Saturday, November 3, 2007

There is no free lunch

I contend that no payments are "free," and the cost of all payments growing out of litigation ultimately come out of the pockets of individuals. Individuals bear these costs in the various forms that include private insurance premiums, taxes paid to the government, gifts made to charities, higher prices for goods, lower wages for employees, and reduced profits and investment values for corporate stockholders and owners(be they individuals, public or private pension plans, charitable organizations, etc.).

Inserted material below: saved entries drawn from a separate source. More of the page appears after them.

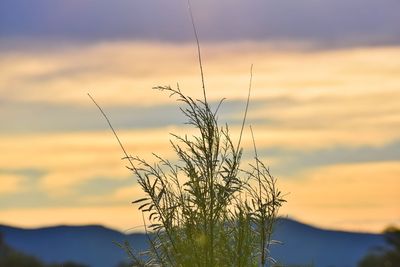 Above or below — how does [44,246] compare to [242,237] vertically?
above

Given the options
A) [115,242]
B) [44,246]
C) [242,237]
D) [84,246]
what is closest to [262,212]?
[242,237]

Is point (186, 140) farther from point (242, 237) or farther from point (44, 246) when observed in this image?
point (44, 246)

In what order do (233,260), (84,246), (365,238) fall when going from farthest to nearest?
(365,238)
(84,246)
(233,260)

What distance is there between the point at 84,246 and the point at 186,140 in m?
133

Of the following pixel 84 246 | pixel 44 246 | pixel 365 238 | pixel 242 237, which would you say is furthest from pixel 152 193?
pixel 365 238

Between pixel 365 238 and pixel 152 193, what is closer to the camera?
pixel 152 193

The amount of any payment that is made in litigation or a settlement that is borne by any one individual may be miniscule or possibly not even discernible by the individual, but the amounts are real and, however small they are for each individual separately, all the small amounts added up for many, many individuals come up to a significant total amount that gets paid.

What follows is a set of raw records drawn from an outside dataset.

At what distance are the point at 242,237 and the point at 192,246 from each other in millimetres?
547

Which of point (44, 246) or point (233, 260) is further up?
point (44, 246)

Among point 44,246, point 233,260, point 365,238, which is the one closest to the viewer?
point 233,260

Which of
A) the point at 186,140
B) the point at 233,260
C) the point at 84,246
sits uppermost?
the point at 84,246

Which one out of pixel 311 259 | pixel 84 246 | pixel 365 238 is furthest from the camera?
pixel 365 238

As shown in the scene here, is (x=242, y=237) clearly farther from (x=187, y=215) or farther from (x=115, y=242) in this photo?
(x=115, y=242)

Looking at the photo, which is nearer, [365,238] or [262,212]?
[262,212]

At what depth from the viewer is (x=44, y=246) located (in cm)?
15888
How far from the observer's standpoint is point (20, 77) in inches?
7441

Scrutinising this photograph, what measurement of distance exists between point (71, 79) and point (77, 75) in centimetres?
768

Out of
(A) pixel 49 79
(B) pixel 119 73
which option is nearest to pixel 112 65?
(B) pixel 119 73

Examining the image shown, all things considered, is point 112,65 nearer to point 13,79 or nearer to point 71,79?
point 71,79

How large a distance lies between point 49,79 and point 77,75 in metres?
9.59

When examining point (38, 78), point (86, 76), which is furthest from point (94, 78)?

Plaintiffs lawyers want to obscure the foregoing and like to get a jury to act with disregard that ultimately their jury verdicts are coming out the pockets of individuals such as themselves.

There is a signicant factor that no single individual may much care or bother to complain about whatever miniscule amount is coming out of his pocket. If that is so, that is part of the phenomenon I alluded to previously in few stakeholders with big interests versus many stakeholders with small interests

There are numerous areas in society and the economy where small amounts come out of the pockets of many individuals in order to lump them together to create a large source of funds. Taxes could be viewed as one of these realms. It is beneficial for members of a society to be cognizant of situations where this happens and to exercise oversight about the matter in order to protect against abuse and exploitation that tries to take advantage of small motivation of any single individual to complain about a small amount being taken from him.

Taxpayers, through the democratic process, should and do exercise oversight over the levying of taxes.

I contend similar concerns are applicable to the current state of a great deal of litigation that goes on in the United States.